■ Data
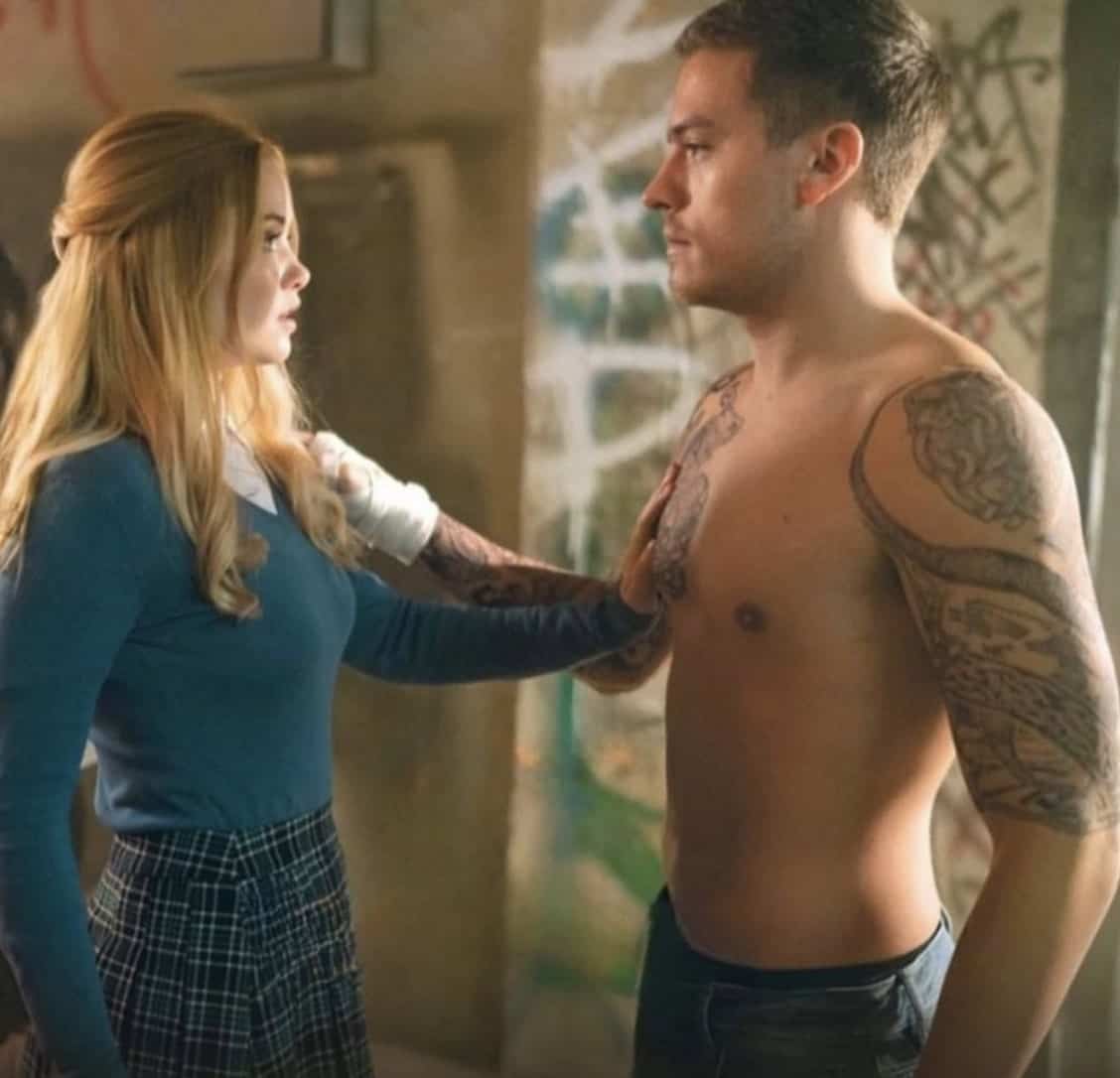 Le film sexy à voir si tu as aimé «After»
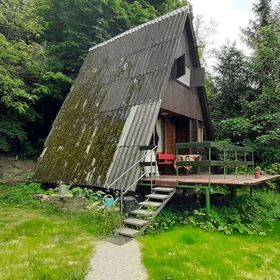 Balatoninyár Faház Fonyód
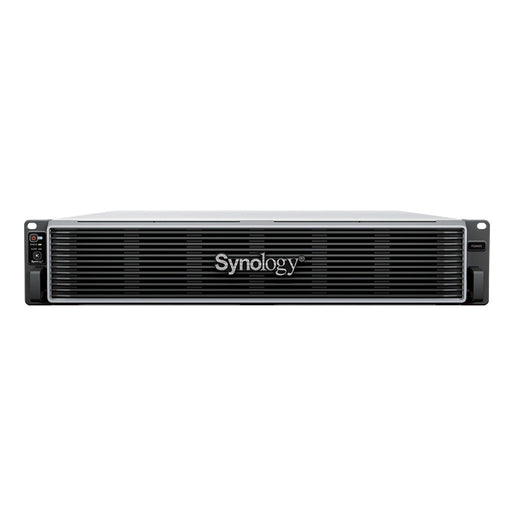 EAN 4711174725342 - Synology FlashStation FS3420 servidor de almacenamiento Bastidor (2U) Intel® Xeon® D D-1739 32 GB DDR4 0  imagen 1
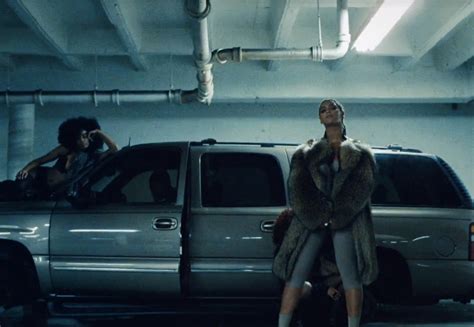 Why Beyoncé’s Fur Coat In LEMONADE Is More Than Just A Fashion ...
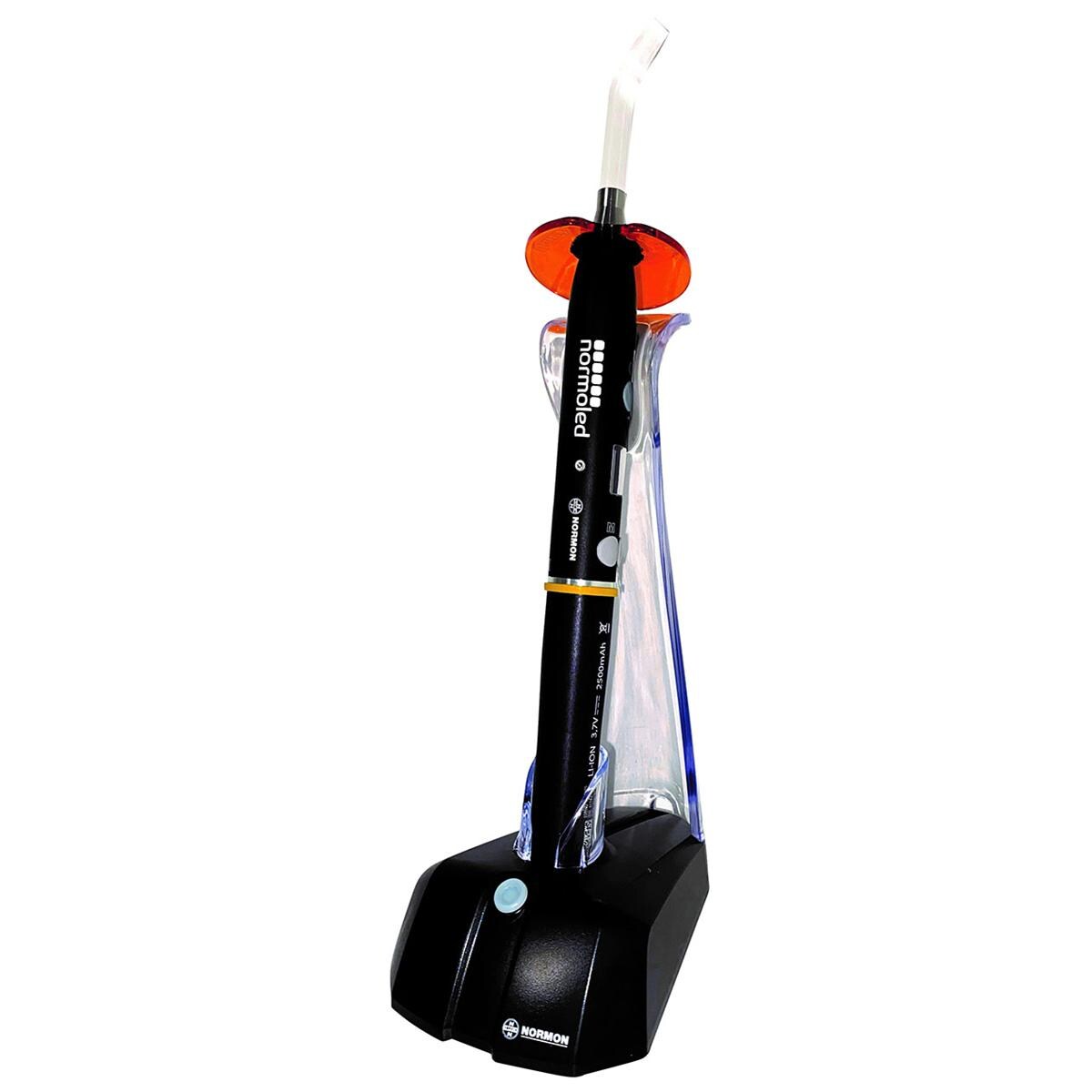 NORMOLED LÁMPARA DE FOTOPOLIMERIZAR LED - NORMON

■ About this task
The listing above must be retyped word for word, without the pictures.

■ Exercise solution
 Le film sexy à voir si tu as aimé «After»
 Balatoninyár Faház Fonyód
 EAN 4711174725342 - Synology FlashStation FS3420 servidor de almacenamiento Bastidor (2U) Intel® Xeon® D D-1739 32 GB DDR4 0  imagen 1
 Why Beyoncé’s Fur Coat In LEMONADE Is More Than Just A Fashion ...
 NORMOLED LÁMPARA DE FOTOPOLIMERIZAR LED - NORMON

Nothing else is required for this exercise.